第5話:土壌分析と、炎の本当の使い道

異世界五日目。 こんがりと焼けた芋の根(もう「芋」でいいだろう)と、焼いた魚で朝食を済ませる。 熱い食事は、思考をクリアにしてくれる。


腹も満たされ、俺はついに「本来の目的」である畑予定地の前に立った。 結界の外では、今日も魔物が壁にぶつかって消えている。うるさい。無視だ。


俺はしゃがみ込み、土を掴んだ。 昨日は大まかに見ただけだが、今日からは本番だ。


「……なるほど」


土の色は悪くない。黒っぽい。有機物がそれなりに含まれている証拠だ。 だが、問題は手触りだ。 指でこねると、粘土のように少し固まる。
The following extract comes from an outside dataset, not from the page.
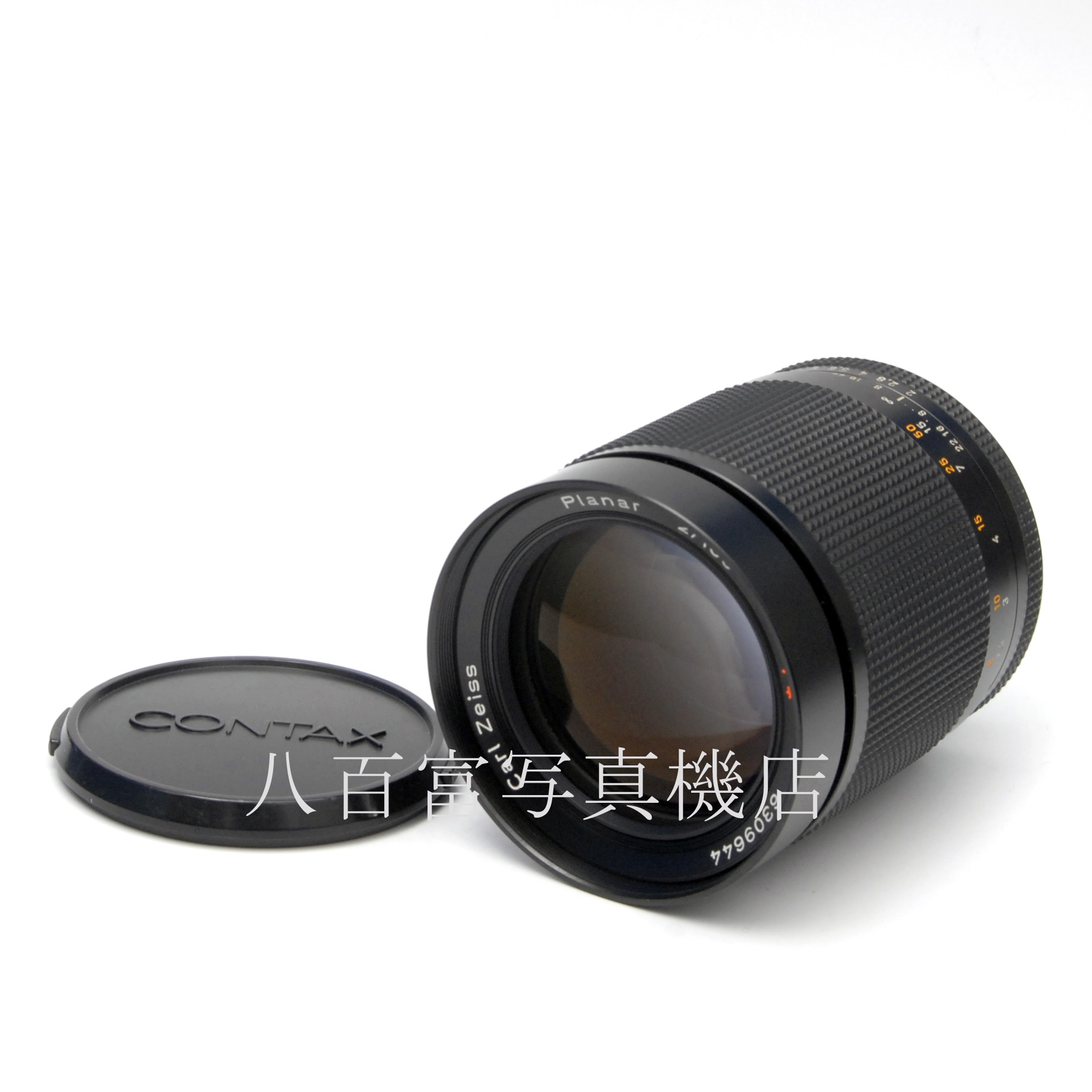 【中古】 コンタックス プラナー T* 100mm F2 AE ジャーマニー CONTAX Plnar 中古交換レンズ 67121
水はけが悪い、「重い土」だ。 これでは根が呼吸できず、腐りやすくなる。


次に、酸性度(pH)だ。 リトマス試験紙なんて便利なものはない。 だが、実家で叩き込まれた知恵がある。


「指標植物(インジケータープランツ)……」


俺は周囲を見渡す。 その土地に生えている雑草を見れば、土の酸性度がだいたい分かる。 酸性を好む植物、アルカリ性を好む植物。


「……あった」


畑予定地のすぐ脇に、スギナ(土筆)によく似た、節くれだった植物が群生している。 こいつは、俺の知る限り、典型的な「酸性土壌」の証拠だ。


これで診断は出た。 『水はけが悪く、酸性が強い粘土質の土』。 正直、野菜作りには最悪に近いスタートだ。


「……素人なら、ここで絶望するだろうな」


だが、俺はプロ(の卵)だ。 問題が分かれば、やることは決まっている。


水はけの悪い粘土質には、有機物――腐葉土や堆肥を大量に投入して、土を「団粒化」させ、ふかふかにしてやる必要がある。 そして、強い酸性を中和するには、アルカリ性の「石灰」が必要だ。


「石灰……」


もちろん、そんなものはない。 だが、完璧な代用品がある。


俺は森へ向かい、枯れ木や落ち葉を大量に集め、畑予定地の隅に積み上げた。 そして、その山に向かって指を構える。 調理の時とは違う。遠慮はいらない。


「最強の炎」


指を鳴らす。 ゴォォォオオオ!!!


火柱が上がり、枯れ木の山が一瞬で巨大な篝火(かがりび)と化した。 熱風が結界の壁にぶつかって渦を巻いている。


「これだ」


俺はこの魔法を、調理道具(ホットプレート)程度にしか考えていなかった。 だが、違う。 これは、農業用の最強の「土壌改良」ツールだ。


火が消えれば、大量の「草木灰(そうもくはい)」が手に入る。 草木灰は、石灰と同じく、酸性の土を中和する最高のアルカリ性資材だ。 ついでに、カリウムやリン酸も補給できる。


結界の外で、火柱に驚いたのか、魔物たちがいつもより激しく壁を叩いている。 ドン!ドン!と、ひときわうるさい。


「うるさいぞ。こっちは今、お前らよりよっぽど役に立つ『灰』を作ってるんだ」


火が落ち着くまで、俺は次の作業に移る。 この灰を混ぜ込む前に、まずは土を深く掘り返さなければならない。 道具は……あのナイフ一本か。


「……鍬(くわ)が要るな」


俺は、道具作りという次の難題に目を向けながら、熱い炎を見つめていた。